We are somewhat strange bedfellows — the Environmental Protection Information Center (EPIC) is a non-profit group based in Arcata devoted to the defense of the North Coast’s forests; the Humboldt Redwood Company is a forestry company devoted to managing its large blocks of forestlands to provide for long‐term ecological, social, and economic vitality. Although we don’t always see eye-to-eye, we do agree on this: the marijuana “regulation” being forwarded by California Cannabis Voice Humboldt (CCVH) is bad for our forests. And what’s bad for forests is bad for Humboldt County.
Forests are important to California. Not only do they provide us humans with jobs, wood products, and recreation, they also provide important habitat for California’s rare and native species, like the Humboldt marten and the northern spotted owl; fight climate change by sequestering carbon; and help to supply clean, cool water. But our forests are at risk. Increased forest fragmentation — the breaking of large intact tracts of forests into smaller clumps — is driven by the desire to make way for new residences or commercial ventures by clearing forest land. And fragmentation poses a serious threat to the values our forests provide.
To promote the conservation of California’s forested landscape, in 1976 the state ordered counties to identify forestlands where timber management is the “highest and best use of the land” and categorize them as Timber Production Zones or TPZ. By law, use of TPZ land is restricted to timber harvesting and other “compatible uses” — those activities, as defined county-by-county, that do not “detract from the use of the property for, or inhibit, growing and harvesting timber.” In exchange for limiting the uses of TPZ land, and knowing that sustainable timber management is not a “get rich quick” scheme, the state offers TPZ landowners significant breaks on property taxes. As a whole, the TPZ system has worked: forest conversion slowed dramatically and responsible landowners could expect a profit from forest management.

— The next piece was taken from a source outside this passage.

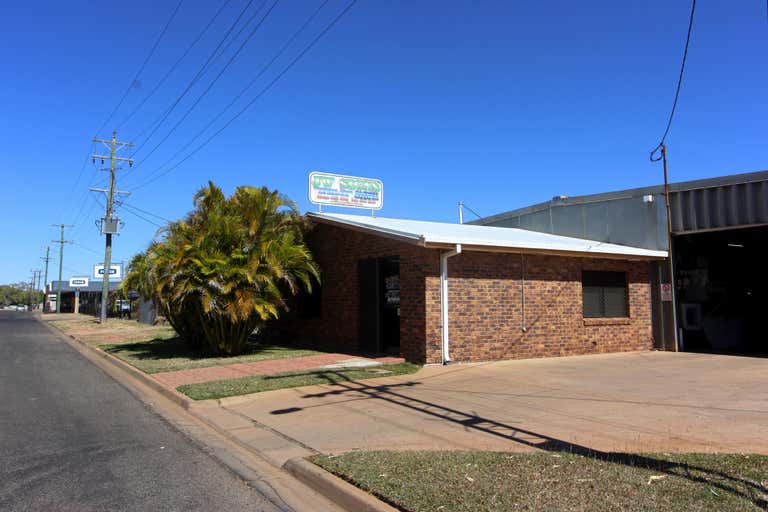 19 Commercial Road Mount Isa QLD 4825 - Image 2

While purportedly a marijuana regulation, the CCVH initiative would do more than regulate pot — it would further open our forests to development. Under the initiative, commercial marijuana cultivation would become a “compatible use” with forestlands in Humboldt County. This little change in the law could have drastic consequences. By opening TPZ land to commercial marijuana cultivation, those growing marijuana — California’s most lucrative crop — on TPZ land would receive a tax break. In turn, because of this preferential tax treatment for those growing marijuana on TPZ as opposed to other types of land, the price of timberland would jump as more growers flock deeper into the TPZ land in the hills. Therein lies the problem.